Remix album by Frankie Goes to Hollywood
- Released: 3 August 2012
- Genre: New wave; dance;
- Label: ZTT; Salvo; Union Square Music;
- Producer: Trevor Horn; Stephen Lipson;

Frankie Goes to Hollywood chronology
| Frankie Say Greatest (2009) | Sexmix (2012) | Frankie Said (2012) |

= Sexmix =

Sexmix (subtitled Archive Tapes and Studio Adventures, Volume One) is a Frankie Goes to Hollywood remix album released on 3 August 2012. The set focuses on rare FGTH single formats, specifically the cassette releases ("singlettes") and CD releases.

==Controversy==
A day before the set was revealed, it was revealed that mono mixes had been supplied for the "All in the Body, All in the Mind" singlette, with hints of a lossless replacement download for said single. Many people didn't take notice until the set was released, when a majority of people gave the release low ratings due to this.

Eventually, on 21 November 2012, ZTT offered a mail-order physical replacement disc (with said tracks mastered in stereo) to those who had purchased the set prior, by either sending them the mono disc or emailing (or sending) a scanned copy of their receipt or other proof of purchase (to prove they have bought the compilation) to Union Square Music's email address.

==Track listing==
===Disc 1===
1. "all in the body" – 1:23
2. "The Soundtrack from Bernard Rose's Video of the Welcome to the Pleasuredome Single" - 5:43
3. "Get It On" – 4:11
4. "Welcome to the Pleasuredome (How to Remake the World)" – 11:40
5. "all in the mind" – 1:13
6. "Relax (International)" – 4:44
7. "The Power of Love (extended, singlette version)" – 9:20
8. "scrapped" – 1:39
9. "Holier Than Thou" – 1:08
10. "trapped" – 2:29
11. "Holier Than Thou" – 4:09
12. "The Power of Love (instrumental, singlette version)" – 3:32
13. "The World is My Oyster (in its 7" form)" – 4:18
14. "don't lose what's left" – 0:19
15. "Rage Hard ⊕⊕⊕✪" – 17:13

- Tracks 1–5 form the original "All in the Body, All in the Mind" singlette.
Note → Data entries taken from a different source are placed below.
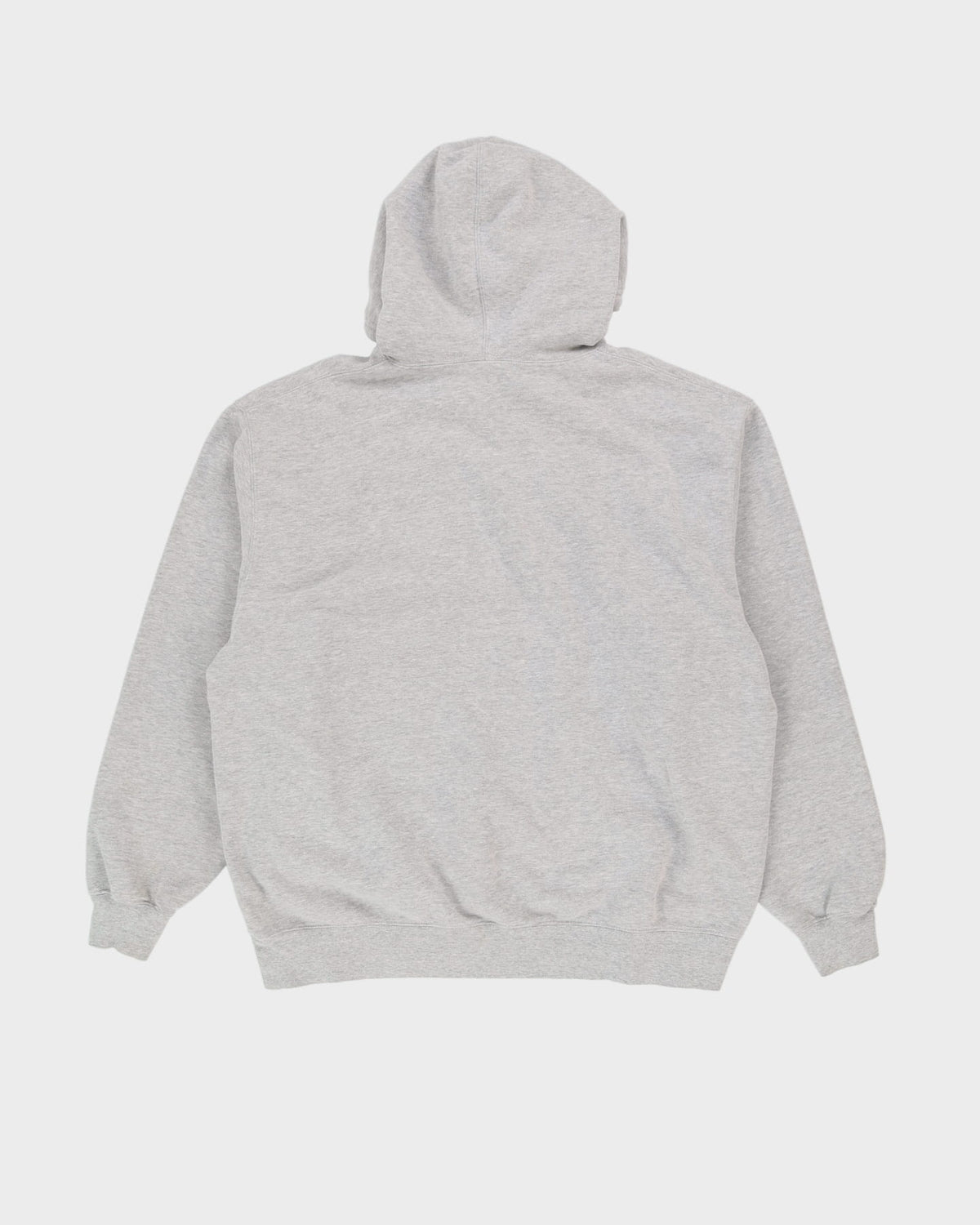 Vintage 00s Oregon State Nike Centre Swoosh Grey Hoodie - XL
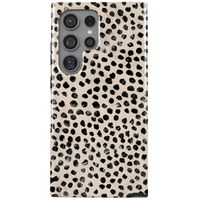 Burga Cover Posteriore Resistente Samsung Galaxy S24 Ultra - Almond Latte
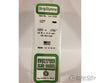 Evergreen 127 Dimensional Strips .020X.156 (10/Pk) Scratch Building Supplies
Tracks 1 and 5 are excerpts from Walter Kaufmann's 1967 translation of Friedrich Nietzsche's The Birth of Tragedy as read by Geoffrey Palmer, track 2 is the soundtrack to the shorter "Escape Act" version of the original promo clip (the full "Alternative to Reality" version clocks in at 7:52), track 3 is the full version of their cover of T-Rex's "Get It On" (which had been featured in shorter edits on the vinyl release) and track 4 is a unique extended version of "Real Altered".
- Tracks 7–12 form the original cassette release of the first "Power of Love" 12". Differences include Track 7 opening with an excerpt of T. S. Eliot's Four Quartets, tracks 9 and 11 having the usage of "fuck" and "shit" reversed and track 12 ending with two short unlisted tracks, which are merged into that track.
- Tracks 6 and 13 are the original B-sides to the afromented singles. "Relax (International)" was the live B-side of the "Real Altered" 12" and "The World Is My Oyster (in its 7" form)" was the B-side to the "Power of Love" 7".
- Track 14 is an excerpt of "Don't Lose What's Left (Of Your Little Mind)" which predicted "Roadhouse Blues" on the rare "Rage Hard" CD single.
- Track 15 was originally released on the rare CD single release of "Rage Hard".

===Disc 2===
1. "Relax (Sex mix)" – 16:26
2. "Later On (from One September Monday)" – 1:36
3. "Ferry Cross the Mersey (...And Here I'll Stay) – 4:07
4. "Two Tribes (Keep the Peace, intro)" – 0:24
5. "One February Friday (singlette version, part 1)" – 0:40
6. "Two Tribes (Carnage)" – 7:55
7. "One February Friday (singlette version, part 2)" – 1:08
8. "War (somewhere between Hiding and Hidden)" – 4:14
9. "One February Friday (singlette Version, part 3)" – 0:22
10. "Two Tribes (Keep the Peace, outro)" – 0:06
11. "Warriors of the Wasteland (Compacted)" – 23:39
  1. "The Diamond Mine" – 2:24
  2. "Warriors (Twelve Wild Disciples mix)" – 9:44
  3. "Warriors (Of the Wasteland) (instrumental, fewer vocals)" – 5:01
  4. "Warriors of the Wasteland (7" version)" – 3:55
  5. "Monopoly Re-Solution" – 2:25
12. "Do You Think I'm Sexy?" – 4:20
13. "Watching the Wildlife (Voiceless)" – 3:51

- Track 1 is the first 12" mix of "Relax", infamous for its length, the slightly offensive lines present through Holly Johnson's rambling and not including the regular song.
- Tracks 2, 5, 7 and 9 are interview excerpts that were only released on singlettes. Tracks 4 and 10 are spoken-dialogue tracks bridging the start and end "Two Tribes" singlette.
- Track 6 is the second 12" mix of "Two Tribes".
- Tracks 3 and 8 are the regular 12" cover B-sides to "Relax" and "Two Tribes" respectively.
- Track 11 was originally released as a single-track CD single in 1986. Track 11.3 is a mix of the album version without vocals except in the chorus at the end.
- Track 12 is a cover of Rod Stewart's "Da Ya Think I'm Sexy?", first released in 2009 on the now-discontinued digital version of Frankie Say Greatest. It was intended to be one of the planned "Warriors" B-sides, according to several sources.
- Track 13 was originally released as one of the B-sides to "Watching the Wildlife", except unlike previous releases it is not combined with bits 1 and 2.